Description of the task:
Gather each line of the records where "with" appears.

[Dataset items]

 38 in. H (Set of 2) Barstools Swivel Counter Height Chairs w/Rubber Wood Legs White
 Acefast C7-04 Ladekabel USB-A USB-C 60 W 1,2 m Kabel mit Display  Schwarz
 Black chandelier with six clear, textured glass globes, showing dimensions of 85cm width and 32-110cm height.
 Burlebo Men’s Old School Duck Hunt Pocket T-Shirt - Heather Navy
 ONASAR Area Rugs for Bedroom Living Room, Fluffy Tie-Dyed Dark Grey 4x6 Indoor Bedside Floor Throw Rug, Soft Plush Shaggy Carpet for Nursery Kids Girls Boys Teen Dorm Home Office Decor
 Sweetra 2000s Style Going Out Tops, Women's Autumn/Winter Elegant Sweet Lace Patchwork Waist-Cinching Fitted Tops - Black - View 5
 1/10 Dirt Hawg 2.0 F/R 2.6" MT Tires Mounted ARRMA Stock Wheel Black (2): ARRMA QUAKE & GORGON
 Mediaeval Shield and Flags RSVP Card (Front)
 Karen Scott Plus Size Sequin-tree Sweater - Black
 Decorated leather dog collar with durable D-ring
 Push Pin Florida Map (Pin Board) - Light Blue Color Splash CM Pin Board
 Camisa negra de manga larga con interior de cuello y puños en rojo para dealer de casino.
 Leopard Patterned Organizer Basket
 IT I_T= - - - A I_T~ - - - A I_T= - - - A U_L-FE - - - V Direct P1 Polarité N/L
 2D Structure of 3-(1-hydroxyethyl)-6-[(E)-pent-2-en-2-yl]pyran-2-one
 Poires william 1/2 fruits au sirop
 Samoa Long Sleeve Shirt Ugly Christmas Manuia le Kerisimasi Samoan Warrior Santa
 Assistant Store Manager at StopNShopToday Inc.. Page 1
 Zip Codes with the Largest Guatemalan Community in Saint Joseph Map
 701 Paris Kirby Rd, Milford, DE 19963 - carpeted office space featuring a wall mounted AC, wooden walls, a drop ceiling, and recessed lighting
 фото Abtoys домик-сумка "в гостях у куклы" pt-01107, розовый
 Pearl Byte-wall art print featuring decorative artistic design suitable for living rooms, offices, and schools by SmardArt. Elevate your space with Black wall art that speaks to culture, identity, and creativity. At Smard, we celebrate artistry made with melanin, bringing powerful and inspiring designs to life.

Solution:
 Black chandelier with six clear, textured glass globes, showing dimensions of 85cm width and 32-110cm height.
 Decorated leather dog collar with durable D-ring
 Zip Codes with the Largest Guatemalan Community in Saint Joseph Map
 Pearl Byte-wall art print featuring decorative artistic design suitable for living rooms, offices, and schools by SmardArt. Elevate your space with Black wall art that speaks to culture, identity, and creativity. At Smard, we celebrate artistry made with melanin, bringing powerful and inspiring designs to life.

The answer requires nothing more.